Customers do not care about unit tests. They care about getting a working product, on time and on budget. You can argue all you like that unit tests help to deliver that, but in my experience they are worthless. They just weigh too heavily on your resources towards the end of the project. You have a deadline, a project to deliver, and you are running a business, not some undergrad crap in college.
Unit tests do not work in the real world. In theoretical project world, your schedule would always be reasonable, and you would not be rushing at the end to cram in just-one-more-feature or fix some stupid issue that only occurs when they deploy it on Windows Server with service pack 1 with mcaffee version 5.4.33 and a pink elephant in the room. In reality, projects don't work that way. They never work that way.
This article conveys my feelings better than I could. I encourage everyone who has either voluntarily drank the unit-testing kool-aid or had it rammed down their throats to read it.
http://blogs.msdn.com/cashto/archive/2009/03/31/it-s-ok-not-to-write-unit-tests.aspx
I can think of a very few specific situations where you might want to use them, but my default is to reject them. Someone would have to prove to me, conclusively, why they would be good in a particular case, and explain to me why they won't become an unbearable burden at the end.
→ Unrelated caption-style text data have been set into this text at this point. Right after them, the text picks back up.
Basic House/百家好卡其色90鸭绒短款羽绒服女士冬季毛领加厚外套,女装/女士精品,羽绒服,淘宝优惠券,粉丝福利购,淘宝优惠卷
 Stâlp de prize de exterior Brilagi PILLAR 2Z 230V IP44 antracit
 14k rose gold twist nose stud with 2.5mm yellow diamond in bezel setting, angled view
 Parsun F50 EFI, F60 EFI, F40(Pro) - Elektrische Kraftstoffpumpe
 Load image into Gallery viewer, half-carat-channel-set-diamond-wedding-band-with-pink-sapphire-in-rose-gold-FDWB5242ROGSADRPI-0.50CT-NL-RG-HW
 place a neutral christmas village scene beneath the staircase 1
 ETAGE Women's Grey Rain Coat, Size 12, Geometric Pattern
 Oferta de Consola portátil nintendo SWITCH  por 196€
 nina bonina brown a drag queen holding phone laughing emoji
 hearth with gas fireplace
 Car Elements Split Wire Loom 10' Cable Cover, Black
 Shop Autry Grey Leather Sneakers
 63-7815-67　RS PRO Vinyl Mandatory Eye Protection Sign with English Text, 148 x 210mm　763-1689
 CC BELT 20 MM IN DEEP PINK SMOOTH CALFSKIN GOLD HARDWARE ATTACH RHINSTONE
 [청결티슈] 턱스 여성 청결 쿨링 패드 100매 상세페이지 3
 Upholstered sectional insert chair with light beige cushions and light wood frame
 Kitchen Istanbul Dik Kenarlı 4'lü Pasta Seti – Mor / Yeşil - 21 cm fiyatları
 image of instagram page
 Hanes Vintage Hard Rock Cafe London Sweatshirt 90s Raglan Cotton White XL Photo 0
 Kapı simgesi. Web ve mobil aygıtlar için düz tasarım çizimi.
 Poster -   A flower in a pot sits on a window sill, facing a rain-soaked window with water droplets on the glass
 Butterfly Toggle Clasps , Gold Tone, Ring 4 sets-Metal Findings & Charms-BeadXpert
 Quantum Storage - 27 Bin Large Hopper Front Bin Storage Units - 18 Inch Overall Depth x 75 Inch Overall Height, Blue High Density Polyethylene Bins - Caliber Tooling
I won't waste my time with them otherwise.
Admin
captcha paratus: It's a Latin bird.
Admin
But you just did (???)
So what's your point?
I'm currently working with a project of several hundred java developers, not counting systems engineers and mechanical engineers. Just because "it's java" doesn't mean it validates a generalization or that "it is a failure".
Yes, and I know that some DoD projects are kept small because of strategic reasons. But not all such projects are the same (so I still fail to see your point.)
Still a generalization is a generalization.
Then why do you complain about my reply to your generalization? What else did you expect? As Chris Rock would say "whatcha want? a cookie?"
Seriously, you don't want that type of reply, then don't generalize. Don't want your post to be called a silly generalization, then don't post a silly generalization. You seem like an intelligent individual, I'm certain you can elaborate you post better.
Fragile e-motions aside, it is really that simple.
After seeing your second reply (and the elaboration of your work experience), I don't doubt you know your shit, but it begs the question then why would you make a blanket generalization of the "300 developers = failure, run to the hills and away from the legacy" type in the first place.
My response is perfect for THAT SPECIFIC post. You can try to paint my response to you as a strawman as well, or you can try to elaborate your point better next time.
Admin
Unit tests find the kind of problems that people who are smart enough to write unit tests don't make.
Admin
The Real WTF is that a consultant is paid a big stash of cash to introduce a new methodology, and get buy in from developers -- fails to do so, and fails to notice that this is his fault.
If all the people in a swimming class drown, the instructor should get the blame. He can't just say "they were too stubborn to learn".
Of course people have a tendency to be set in their ways.
YOU'RE BEING PAID TO CHANGE THAT. DO YOUR DAMN JOB.